Problem statement. Starting with the line that has "Mastertronic Buster" in the records below and ending with the line that has "PlayStation 5 Slim", output those lines exactly and nothing more; omit the pictures.

#### Data to process ####

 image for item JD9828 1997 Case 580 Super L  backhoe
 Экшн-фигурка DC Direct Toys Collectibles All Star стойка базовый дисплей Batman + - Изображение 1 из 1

####
#### Data to process ####

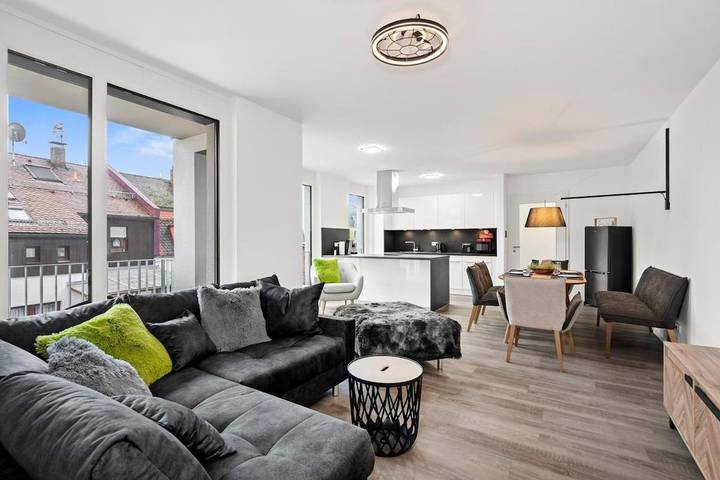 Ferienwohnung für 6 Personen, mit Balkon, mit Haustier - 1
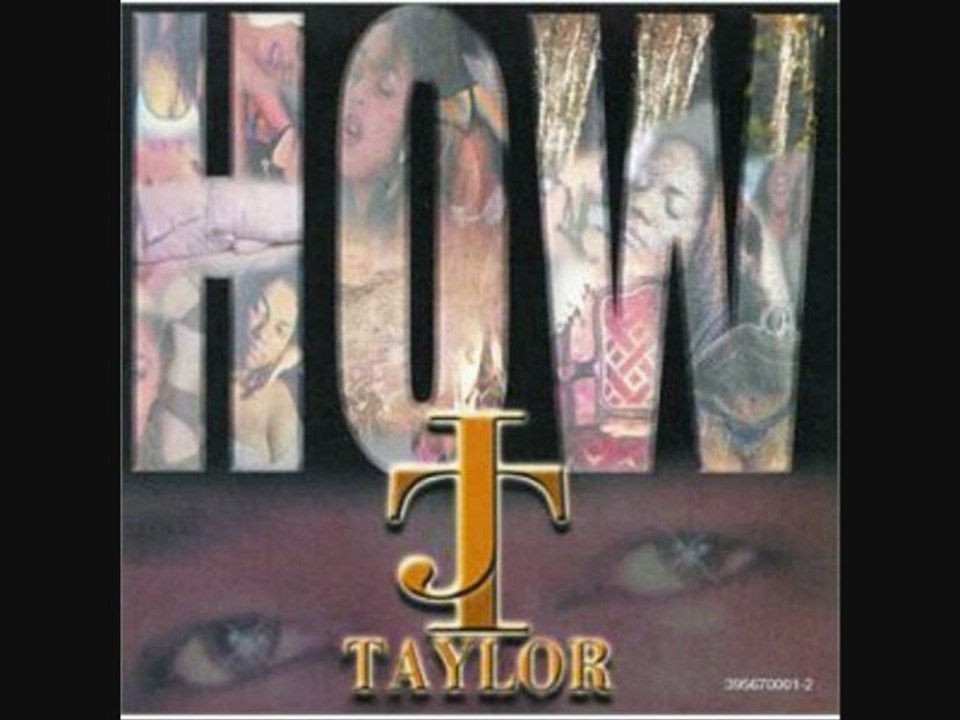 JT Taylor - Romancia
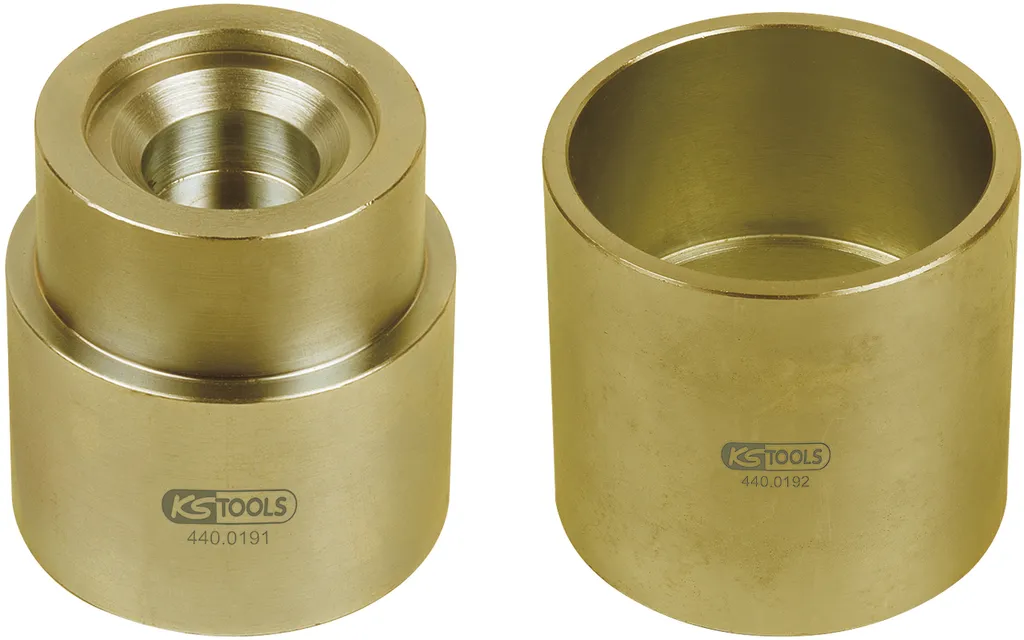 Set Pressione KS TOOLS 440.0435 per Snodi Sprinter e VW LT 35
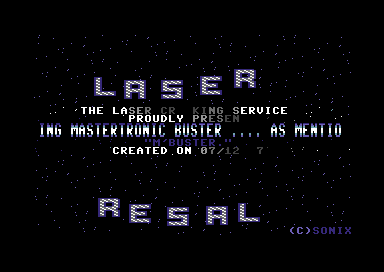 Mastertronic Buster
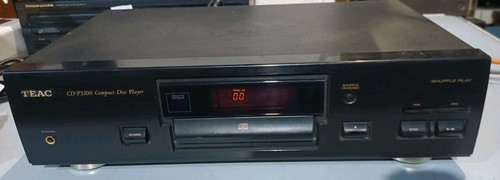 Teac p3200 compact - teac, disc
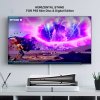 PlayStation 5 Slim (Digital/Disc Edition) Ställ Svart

####
#### Data to process ####

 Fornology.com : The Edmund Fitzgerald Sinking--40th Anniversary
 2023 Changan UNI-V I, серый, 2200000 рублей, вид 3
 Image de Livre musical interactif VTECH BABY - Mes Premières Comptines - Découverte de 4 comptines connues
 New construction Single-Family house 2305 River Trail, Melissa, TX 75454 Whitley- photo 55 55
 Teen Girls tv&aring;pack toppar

####

Response box.
 Mastertronic Buster
 Teac p3200 compact - teac, disc
 PlayStation 5 Slim (Digital/Disc Edition) Ställ Svart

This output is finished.